Hey, remember when Vermont was ranked third in the nation by Politico magazine as a place to live?
Well, here comes the flip side, courtesy of none other than the American Legislative Exchange Council (ALEC), that overflowing cascade of Kochian “economic liberty” bushwa. It ranks Vermont #49 in “economic outlook,” which is a very interesting way to put it. Because what they are ranking is not actual, tangible economic health — it’s how the state is poised for intangible future prosperity. And it is measured in terms of taxation and regulation.
But wait, it gets better. The lead author of the ALEC report is none other than Arthur Laffer. Yep, the guy behind the Laffer Curve, the absolutely unproven bit of dogma that claims you’ll create more revenue by cutting taxes, because the tax cuts will stimulate a cornucopia of prosperity.
Well, not only is it absolutely unproven; when it’s been tried in the real world, the results have been dismal. The Laffer Curve isn’t a coherent, evidence-based economic practice; it’s the money shot in a right-wing porn flick.
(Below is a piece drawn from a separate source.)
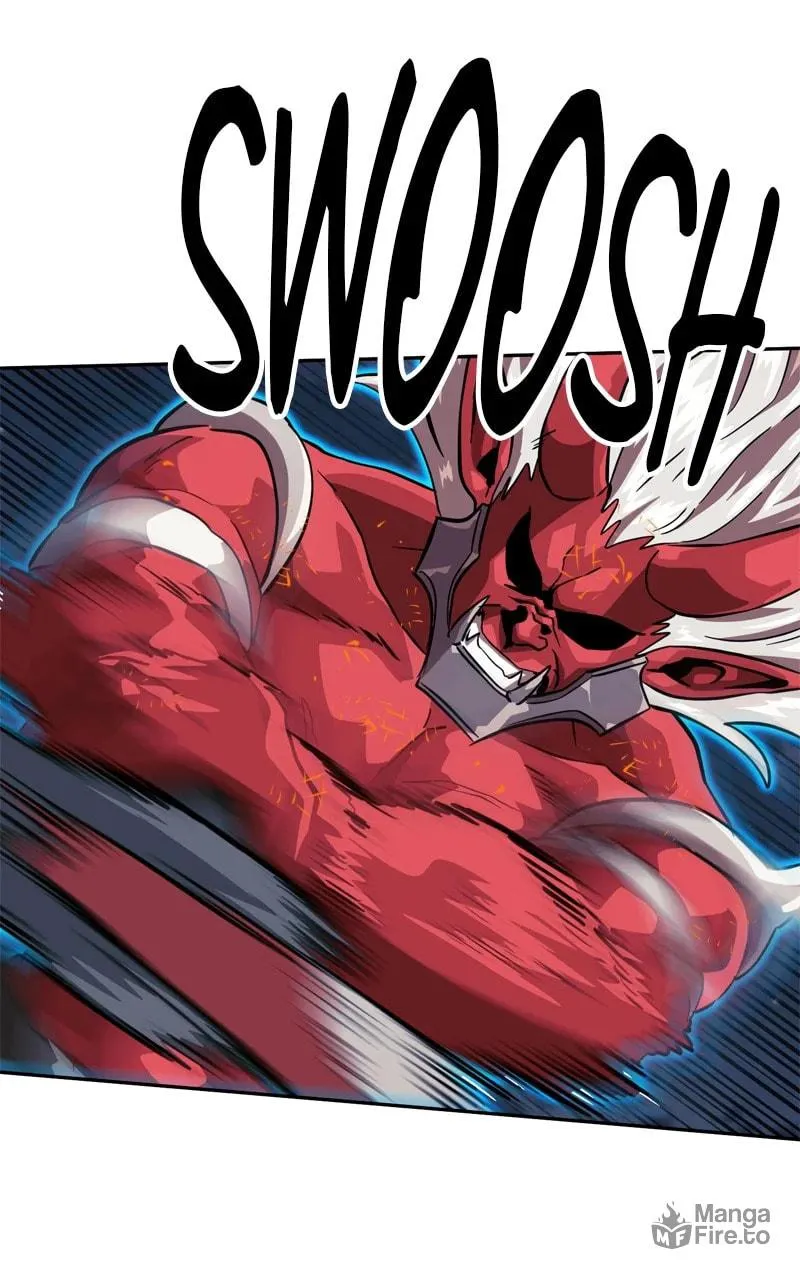 Double Click Chapter 150 page 114 -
In case you think I’m overstating my case, let’s look at a state deemed praiseworthy by ALEC.
Yes, Kansas, the state led into ruin by Governor Sam Brownback, a Laffer dogmatist of the highest order. He imposed massive tax cuts upon taking office, and the results have been catastrophic. Huge losses in revenue leading to huge cuts in services.
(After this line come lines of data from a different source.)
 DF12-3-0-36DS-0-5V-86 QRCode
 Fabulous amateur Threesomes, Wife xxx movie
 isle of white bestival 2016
And the promised boom? Nowhere to be found. The Kansas economy is lagging behind the nation and, more tellingly, behind neighboring midwestern states. At the beginning of last year, What’s worse, a longer-term statistical comparison shows that Kansas was doing just fine until Brownback took over; that’s when the state’s economy began to lag. It’s gotten so bad, that Brownback’s own Council of Economic Advisors has stopped publishing its quarterly report because the findings were so grim.
One more thing: in his 2014 re-election campaign, Brownback set himself an ambitious goal of 25,000 new jobs each year throughout his second term. Because thanks to his first term, Kansas was poised for a boom.
Well, now we’ve lived through the first year of Brownback’s promised boom times. How’d he do in 2015? Not so good:
Overall, Kansas gained a total of only 6,900 jobs from December 2014 to December 2015.
That’s a puny growth rate of .5 percent, year over year.
So how did Kansas fare compared with the U.S. job growth rate over the same period?
Not well: U.S. employment expanded by 1.9 percent from December 2014 to December 2015 — almost four times faster than in Kansas.
Still, ALEC heaps praise upon Brownback, arguing that Kansas is “primed for strong growth.” No matter that it shows no sign of happening — it’s just around the corner. Just have faith and keep on slogging into the wilderness; soon we will reach the legendary Golden City.
Because that’s the ALEC “economic outlook.” It’s not a measure of strong fundamentals and real progress; it’s a faith-based exercise in wishful thinking. Its only critique of Brownback is that he hasn’t cut spending enough, or done enough to kill local schools by capping property taxes.
See, we’ll reach the Golden City sooner if you-all stop complaining and pick up the pace.
And let’s not presume that our own Phil Scott-led Vermont Republicans are a different breed. They constantly tout ALEC’s ranking of Vermont, which is an implicit endorsement of ALEC’s worldview.
Also, when Donald Trump was about to descend upon Vermont, party leaders took pains to distance themselves from the Carnival-Barker-in-Chief. In the process, they expressed their faith in the voters and the primary process to produce a better nominee from “our very diverse group of candidates,” in the words of party Executive Director Jeff Bartley.
But if you look at that “very diverse group” in terms of economic policy, you see nothing but the ALEC playbook. All the candidates are touting tax cut plans that would make George W. Bush and Ronald Reagan blush.
How bad are they? Well, The Economist, that paragon of free-market thinking, labeled the candidates’ tax plans, as a group, “exorbitant” and “hugely expensive.” The tax-cut plan of alleged moderate Jeb Bush “would cost $6.8 trillion, or 2.6% of GDP, over a decade,” and give the highest-earning 1% “a 12% increase in after-tax income.”
The Economist’s lead editorial on the Republicans’ tax-cut plans was entitled “Be Serious.”
That’s how the magazine views this “very diverse group” of candidates that makes Jeff Bartley proud to be a Republican.
The Republican Party, as a whole, is in thrall to the Lafferian doctrine of ALEC, an unproven “theory” designed to fit on a bumpersticker. It’s no way to run a government, as proven by Sam Brownback; and it’s no way to measure the “economic outlook” of a state.